Suatu hari, Su Mian mendatangi kantor polisi Kota Bei karena hari ini adalah hari pertamanya magang di sana. Tapi gara-gara dia buta arah, dia malah mondar-mandir kebingungan mencari ruang konferensi.

Dia terus saja berputar-putar mengelilingi tempat itu saking bingungnya... sampai saat dia melihat seseorang, sedang bekerja sendirian di salah satu ruangan dan orang itu adalah Han Chen.


Belum sadar siapa pria itu, Su Mian tanya di mana ruang konferensinya. Han Chen memberinya arahan dengan sangat cepat sampai Jin Xi tak sempat mengingat apa yang diomongkannya.

"Bi-bisakah kau mengatakannya pelan-pelan?"

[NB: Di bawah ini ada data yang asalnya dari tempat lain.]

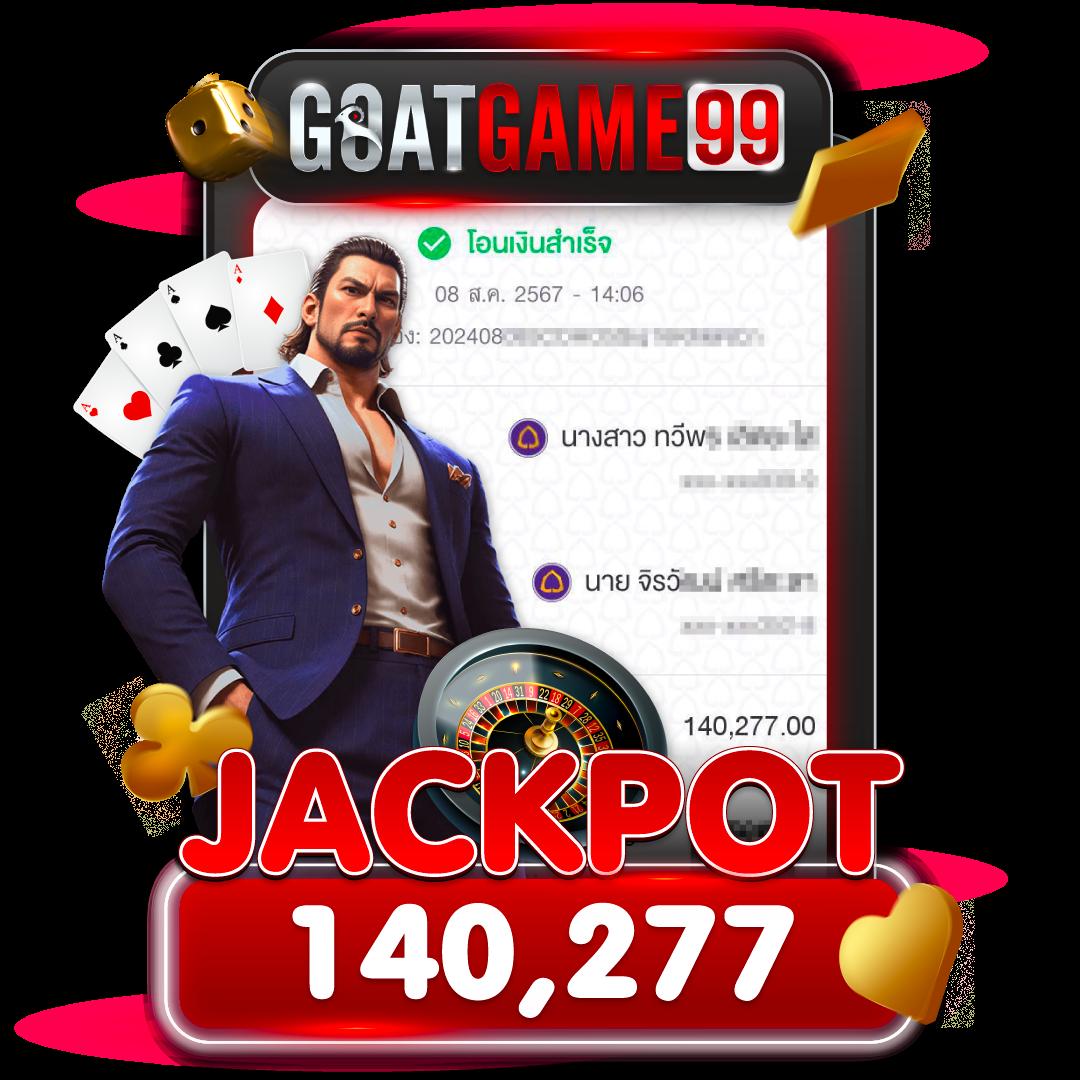 เมก้าเกม888 เกมเดิมพันครบวงจรในไทย พร้อมโปรโมชั่นเด็ด
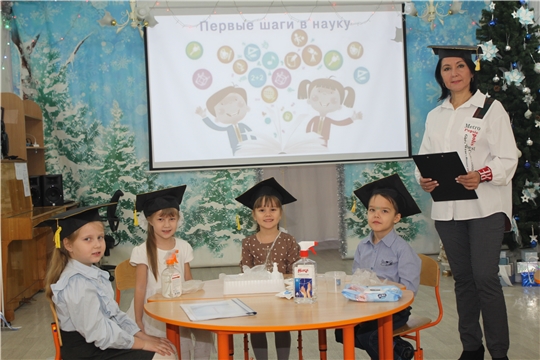 Детско–родительская научная конференция «Маленькие шаги в большую науку»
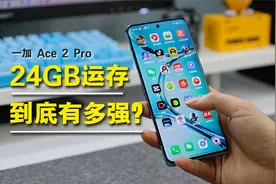 一个视频告诉你，24GB运存到底有多强？视频封面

Han Chen langsung menatapnya dengan kesal dan saat itulah mereka berdua saling mengenali.

Melihat kartu ID Su Mian yang menyebutkan kalau dia adalah anak magang, Han Chen langsung nyinyir. "Apa kualitas anak magang di kantor ini, begitu rendah? Bagaimana bisa orang yang tidak bisa melindungi dirinya sendiri, menjadi polisi?"

"Bahkan seseorang sepertimu bisa, kenapa aku tidak bisa?" Balas Su Mian lalu pergi ke suatu arah.


"Hei! Tempat sekecil ini, tapi kau masih bisa salah arah. Kau jenius sekali!"

Kesal dan malu, Su Mian berbalik ke arah sebaliknya sambil tetap menegakkan kepala dengan angkuhnya. "Terima kasih atas pujiannya. Aku memang selalu jenius."

Su Mian pun pergi... berputar-putar di situ-situ doang sampai Han Chen capek sendiri melihatnya. Akhirnya dia memutuskan keluar dan menggoda Su Mian. "Jenius, kau masih tersesat?"